# Xprite 36 LED Strobe???



## sslongmuir (Feb 13, 2010)

Anyone have any experience with these? Can't find much but a few videos on YouTube.


----------



## Too Stroked (Jan 1, 2010)

Forgive me for being cynical, but I really doubt anything for that price is actually bright and / or will last very long. Remember, _all_ lights look bright to the camera. You do get what you pay for.


----------



## sslongmuir (Feb 13, 2010)

I am inclined to agree with you. If it were 1/3 as bright as a name brand bar of comparable size I'd be impressed. They have a 240 led version of the same light that a guy in town runs and it's not blinding but it's impressive for a $24.00 light. Figured this upgraded 36 led version may be a tad brighter but it could be a let down so idk...


----------



## White_Gold11 (Jan 4, 2016)

if its cheap give it a whirl.. We have used other cheap led beacons for a few years now with No failures. Will it last forever.. doubt it. But You could probably buy 4 for the price of a high end beacon though.


----------



## w3stern [email protected] (Oct 21, 2018)

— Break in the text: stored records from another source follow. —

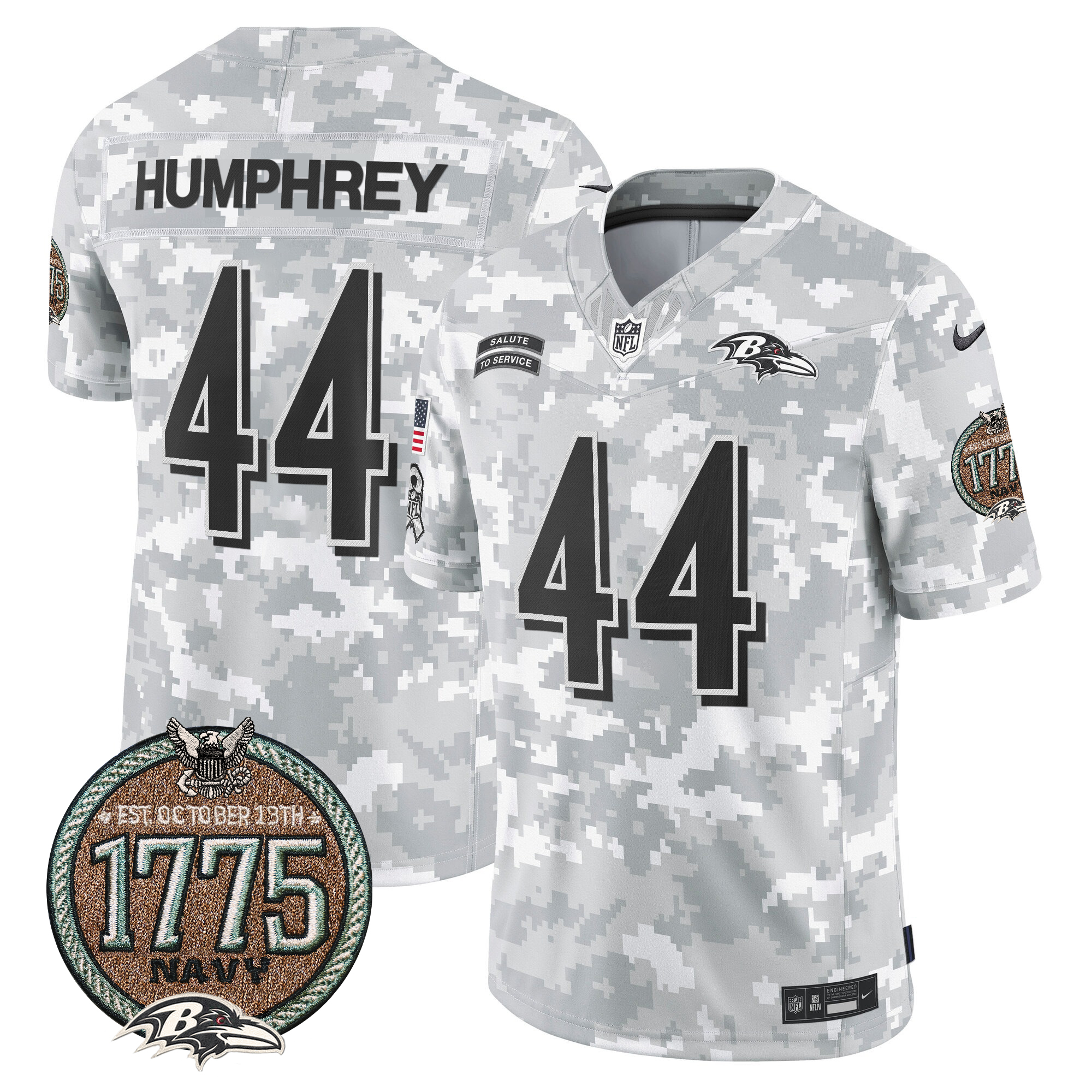 Marlon Humphrey Men's Baltimore Ravens 2024 Salute to Service Establishment Year Patch Vapor Limited Navy Jersey - All Stitched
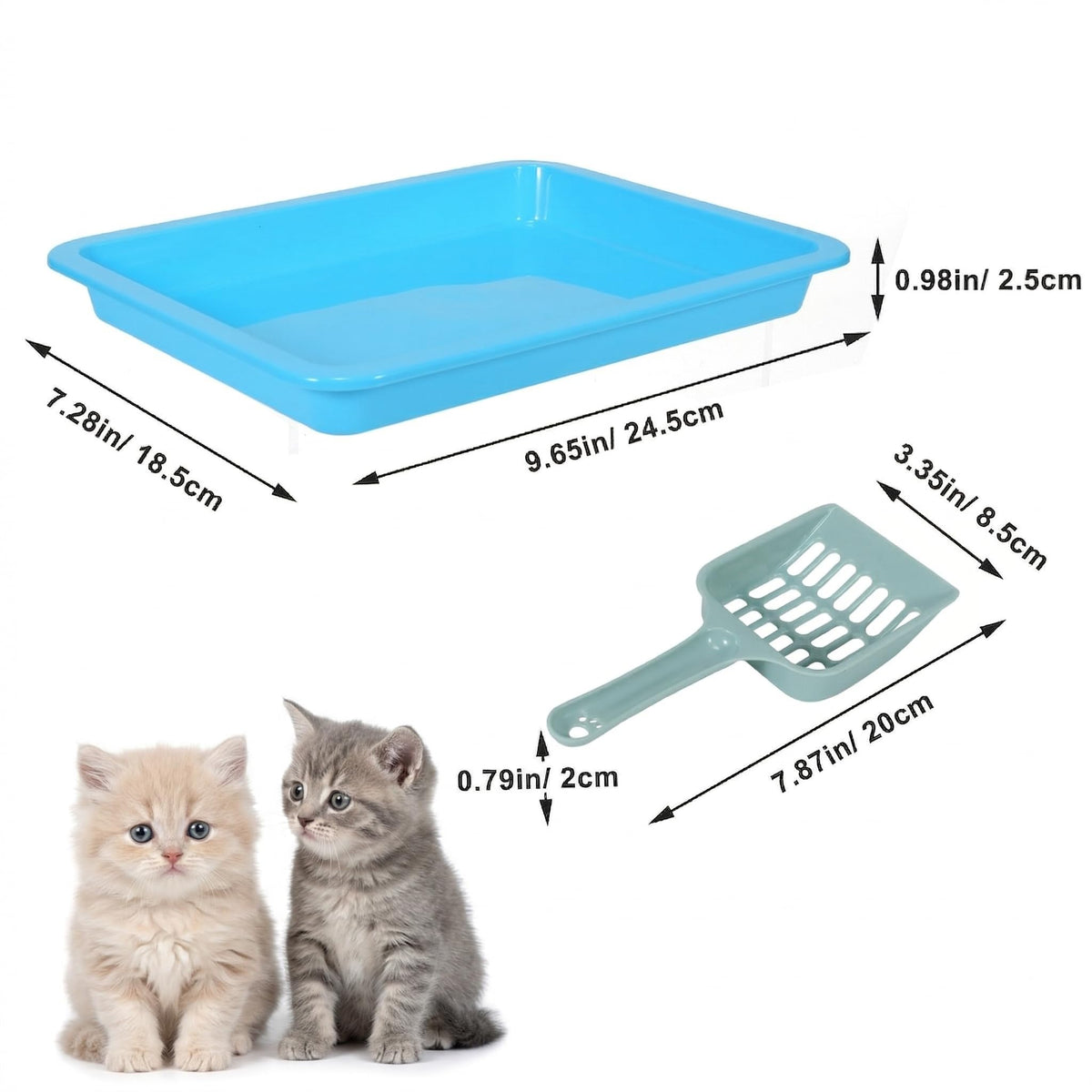 6 Pcs Low Entry Portable Litter Box with Scooper T4672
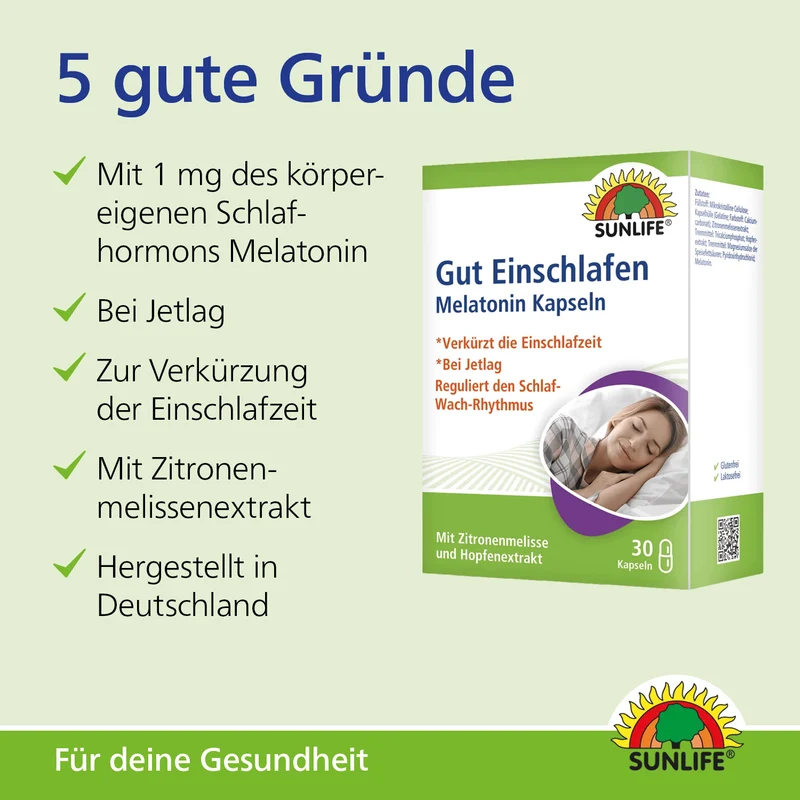 SUNLIFE Melatonin Gut Einschlafen Kapseln (30 Stk.)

I have a Xprite cob LED Mini bar from Amazon in same size. I paid $40 and let me tell you this thing is bright! Can easily be seen in daylight and has 17 flash patterns to choose from. One thing I did immediately when it was delivered is take it apart and silicone where it closes on the base and I also put dialectic grease on the connections. Many of the amazon reviews said its not very good at keeping out moisture so this was necessary. Magnetic base is also very strong that i dont have to worry about it coming off at hwy speeds. For $40 I am impressed.


----------



## ghlkal (Dec 18, 2008)

PLOWR GUY said:


> I have a Xprite cob LED Mini bar from Amazon in same size. I paid $40 and let me tell you this thing is bright! snip For $40 I am impressed.


Interesting.

Thanks for the info.


----------



## rick W (Dec 17, 2015)

we purchased the xprite brand and for the price had excellent luck. Great for the price. We dont leave the lights on our trucks (other than salt truck) so these work great and are put on for snow storms when mounting plows etc been 100% happy with this brand. They are not professional duty but they work like a champ for our needs and a few are going into their third year. Buying bars for hundreds of dollars doesnt make sense to us. I have found led products are usually cheaper on ebay then amazon. Read a pile of reviews and pull the trigger.


----------



## shawn_ (Jan 19, 2014)

I got one last year for 40 or 50$ on Amazon in need of a light for my roof. Was perfect for the $ and was actually surprisingly very bright also.


----------



## Maleko (Sep 20, 2004)

Yup....

What Too Stroked said.


----------



## MIDTOWNPC (Feb 17, 2007)

I’ve had an xprite led bar for 3 years and it’s fine.


----------



## C.green (Oct 29, 2017)

I wish I saw this before I purchased mine but I went off of the reviews and pulled the trigger. I love it,I bought the amber and white and it's a great light for what you pay. I was a little sceptical about driving with it in highway speed but it was fine!! Definitely recommended it for the price. It's not as bright as the high end ones but it does the job


----------



## markknapp61 (Nov 16, 2010)

sslongmuir said:


> Anyone have any experience with these? Can't find much but a few videos on YouTube.


My experiences with EX BRITE is DO NOT WASTE YOUR MONEY... spend a little more for quality and endurance, mine got water damage and shorted out rapidly. Cheap components equal bad product... I will NEVER buy that product line again.


----------



## w3stern [email protected] (Oct 21, 2018)

markknapp61 said:


> My experiences with EX BRITE is DO NOT WASTE YOUR MONEY... spend a little more for quality and endurance, mine got water damage and shorted out rapidly. Cheap components equal bad product... I will NEVER buy that product line again.


This is why I took mine apart and sealed them really good because the reviews state the factory didn't do the greatest job on the ip67 aspect. Haven't any problems, generally led lighting can be in used in moist conditions. I also verified the solder connections and the integrity of the wiring when I had it apart.


----------